Wer bisher Anspruch auf Arbeitslosengeld II hatte, wird einen Anspruch auf Bürgergeld haben. Dafür müssen keine neuen Anträge gestellt werden. Infrage kommt das Bürgergeld auch für Menschen, deren Arbeitseinkommen nicht zum Lebensunterhalt reicht. Sie können ergänzende Unterstützung erhalten.
Wie hoch wird das Bürgergeld ausfallen?
Zum 1. Januar soll der Regelsatz für alleinstehende Erwachsene von 449 Euro um 53 Euro auf dann 502 Euro steigen. Für Erwachsene unter 25, die noch bei ihren Eltern leben, erhöht sich der Betrag auf 402 Euro, für Jugendliche zwischen 14 und 18 liegt er künftig bei 420 Euro, für Kinder von sechs bis 14 bei 248 Euro. Bei Kindern unter sechs sind es 318 Euro.
Wie sieht die Arbeitsvermittlung aus – und wie die Sanktionen?

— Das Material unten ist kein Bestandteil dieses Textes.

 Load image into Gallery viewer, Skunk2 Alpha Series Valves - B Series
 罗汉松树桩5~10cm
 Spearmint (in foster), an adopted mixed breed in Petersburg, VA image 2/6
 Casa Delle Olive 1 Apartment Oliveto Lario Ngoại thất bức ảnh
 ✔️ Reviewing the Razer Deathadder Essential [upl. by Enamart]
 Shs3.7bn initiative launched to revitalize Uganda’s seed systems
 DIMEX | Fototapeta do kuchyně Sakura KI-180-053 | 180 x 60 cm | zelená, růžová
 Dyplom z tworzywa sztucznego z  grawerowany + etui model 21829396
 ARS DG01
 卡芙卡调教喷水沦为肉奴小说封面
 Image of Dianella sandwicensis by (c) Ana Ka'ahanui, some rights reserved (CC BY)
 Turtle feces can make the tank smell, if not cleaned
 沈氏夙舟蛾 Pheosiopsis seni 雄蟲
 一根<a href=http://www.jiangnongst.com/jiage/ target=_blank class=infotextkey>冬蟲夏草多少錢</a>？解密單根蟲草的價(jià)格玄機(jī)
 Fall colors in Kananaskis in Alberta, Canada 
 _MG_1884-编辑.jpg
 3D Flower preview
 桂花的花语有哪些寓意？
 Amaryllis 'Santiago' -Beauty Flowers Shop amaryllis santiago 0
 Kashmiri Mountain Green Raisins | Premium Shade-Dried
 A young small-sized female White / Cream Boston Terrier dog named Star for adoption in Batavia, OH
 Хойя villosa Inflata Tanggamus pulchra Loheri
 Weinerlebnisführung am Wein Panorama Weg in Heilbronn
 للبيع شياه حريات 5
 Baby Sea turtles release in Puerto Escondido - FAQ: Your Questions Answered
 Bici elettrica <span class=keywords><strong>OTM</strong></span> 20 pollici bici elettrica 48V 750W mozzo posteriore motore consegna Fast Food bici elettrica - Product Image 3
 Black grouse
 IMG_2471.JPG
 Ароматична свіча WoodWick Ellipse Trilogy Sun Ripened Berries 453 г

Der Entwurf von Bundesarbeitsminister Hubertus Heil (SPD) sieht vor, dass die Arbeitssuchenden mit den Jobcentern einen Kooperationsplan vereinbaren. Am Anfang steht dabei eine halbjährige „Vertrauenszeit“, in der den Betroffenen nur eingeschränkt Leistungskürzungen drohen - und zwar, wenn sie mehrfach einen Termin beim Jobcenter verpassen. In diesem Fall ist eine zehnprozentige Leistungskürzung möglich. Nach den sechs Monaten drohen zusätzlich weitere Leistungskürzungen bei sogenannten Pflichtverletzung – etwa wenn der Betroffene eine zumutbare Stelle nicht antritt. Dies bringt beim ersten Mal eine Kürzung von 20 Prozent mit sich. Beim zweiten Mal sind es dann 30 Prozent. Nicht mehr zulässig sind Abzüge bei den Kosten der Unterkunft.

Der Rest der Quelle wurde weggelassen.